It's beautiful when you reach an alpine lake, high above the rest of the world after a few hours hike. It's stunning when the distant mountains reflect into the lake's nearly mirror surface. I wanted to catch the beauty of the surroundings before the wind destroyed it all by kicking up the stillness of the water.
I have processed this has a hard and contrasty B&W, such as my style, but also to try emphasise the hard backdrop with all its rocky textures. The water, a little less contrasty to try show a bit of peace in the image. Processed in Lightroom and Silver FX.
This is a peak called 'The Bell' near Coniston Old Man in the Lake District. A gale force wind was blowing and heavy cloud moving fast across the mountain tops - sunlight poking through and moving across the valleys and mountain tops; the steep rock faces only lighting up for seconds at a time.
I had to brace myself against the wind to get a steady shot; and wait for the right moment so the sunlight lit up the area I wanted. I wanted the top of the peak lit up, as this would be brilliant in contrast with the stormy and moody day. The wall in the foreground leads the eye through the image, past the green pasture and other spotlit areas before settling on the rock formation above.
La Fouly, Switzerland - Mid-summer and the glaciers far up above are melting and feeding into the rivers and streams, boulders are dislodged and sent down the rivers over the millennia, then smoothed out with a thousand years of meltwater. I wanted sharp foreground through to background focus so I opted to use a tilt shift lens. It was already quite bright so I used a 3 stop ND filter and also a polariser to cut through any water reflections.

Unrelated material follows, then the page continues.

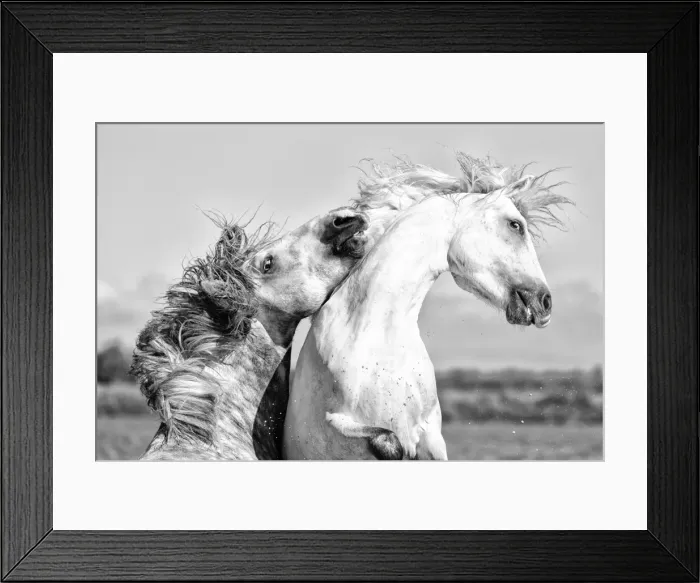 Framed Print : France, Provence, Camargue, Two male horses sparring Framed Print : France, Provence, Camargue, Two male horses sparring
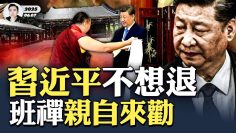 [ID: TmLn-vZzmGY] Youtube Automatic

Blacks Park, Greater London - It doesn't snow much where I live, so when it does unexpectedly, I have to hit some favourite spots early morning before it all turns to ugly sludge. Lone trees - we photographers all love them. I picked this one as it was by itself and had a little distance to the background tree line. Shooting this with a longer focal length, I wouldn't have been able to isolate this single tree from the messy background, so by fitting an ultra wide and shooting from a low position and getting in real close (like 2 meters away) I change the perspective and can isolate the tree. The consequence of this is converging verticals as you can see with the distant trees to the frame far left and right. But it works because it looks like these other trees are bowing to revere this solitary master. In my mind anyways, maybe I had a frozen brain after all.